Informações do processo ARE 1592361

  • Movimentações
  • 2
  • Data
  • 06/03/2026 a 09/03/2026
  • Estado
  • Brasil

Movimentações Ano de 2026

09/03/2026 Visualizar PDF

Esconder envolvidos Mais envolvidos

DECISÃO:

Trata-se de recurso extraordinário com agravo contra decisão de inadmissão do recurso extraordinário.

O recurso foi interposto com fundamento na alínea "a" do permissivo constitucional.
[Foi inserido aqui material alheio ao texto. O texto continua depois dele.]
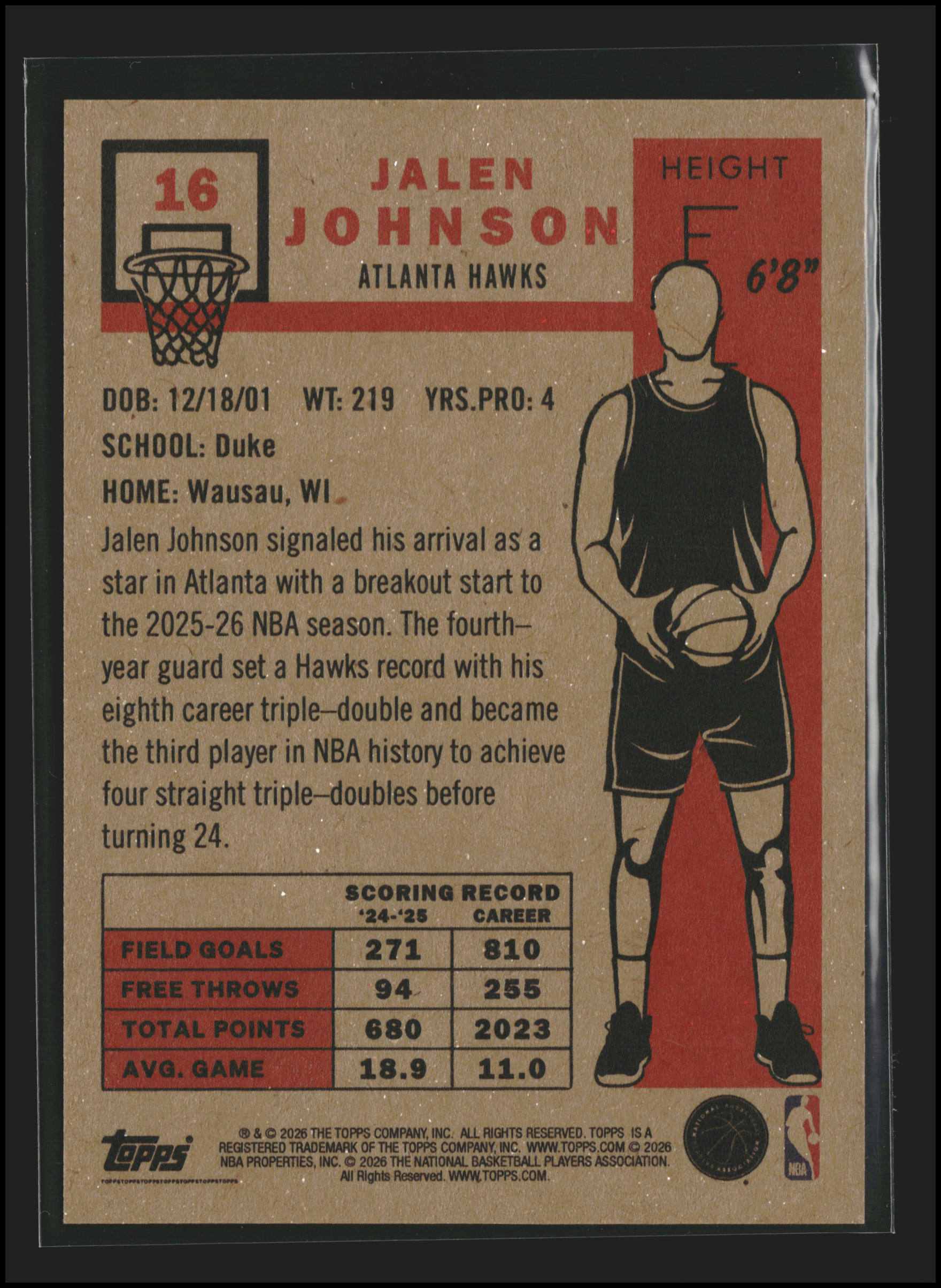 Jalen Johnson #16 | Topps: Living Set | Basketball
O acórdão recorrido ficou assim ementado:


RECURSO INOMINADO. JUIZADO ESPECIAL DA FAZENDA. AÇÃO DE COBRANÇA. SERVIDOR PÚBLICO DO MUNICÍPIO DE SÃO BENTO DO SUL. CARGO DE VIGIA PERTENCENTE AO GRUPO OCUPACIONAL 1, QUE PRETENDE RECEBER O MESMO QUE OS VIGIAS DO GRUPO OCUPACIONAL 2. SENTENÇA DE IMPROCEDÊNCIA. INSURGÊNCIA DA PARTE AUTORA. SERVIDOR PARADIGMA COM SITUAÇÃO FUNCIONAL DISTINTA. AUTOR QUE CLARAMENTE DESEMPENHA ATIVIDADES INERENTES AO CONCURSO PÚBLICO DE QUE PARTICIPOU E FOI APROVADO, NO CASO, O CARGO DE VIGIA DO GRUPO OCUPACIONAL 1. EXIGÊNCIA PARA INSCRIÇÃO E APROVAÇÃO NO CONCURSO PÚBLICO DO CARGO OCUPADO PELO AUTOR QUE SÃO DIVERSAS DO CONCURSO PARA OCUPAR O CARGO DE VIGIA DO GRUPO OCUPACIONAL 2 (SERVIDOR PARADIGMA). INEXISTE MUDANÇA DE ATIVIDADE LABORATIVA OU ATUAÇÃO DO AUTOR ESTRANHA AO CARGO DE QUE TRATOU O CONCURSO PARA O QUAL FOI APROVADO. ALEGAÇÃO DA EXISTÊNCIA DE SERVIDORES EXERCENDO AS MESMAS ATIVIDADES, CONTUDO, COM SALÁRIOS DISTINTOS. AGENTE QUE PRESTA SUAS ATIVIDADES EM CONDIÇÕES DE TEMPO DE SERVIÇO E HABILITAÇÃO PROFISSIONAL DIVERSAS. EQUIPARAÇÃO SALARIAL COM A APLICAÇÃO DO PRINCÍPIO DA ISONOMIA INCABÍVEL. AUSÊNCIA DE IDENTIDADE INTEGRAL ENTRE OS CARGOS. SÚMULA N. 339 DO STF. SENTENÇA MANTIDA POR SEUS PRÓPRIOS FUNDAMENTOS. RECURSO CONHECIDO E DESPROVIDO.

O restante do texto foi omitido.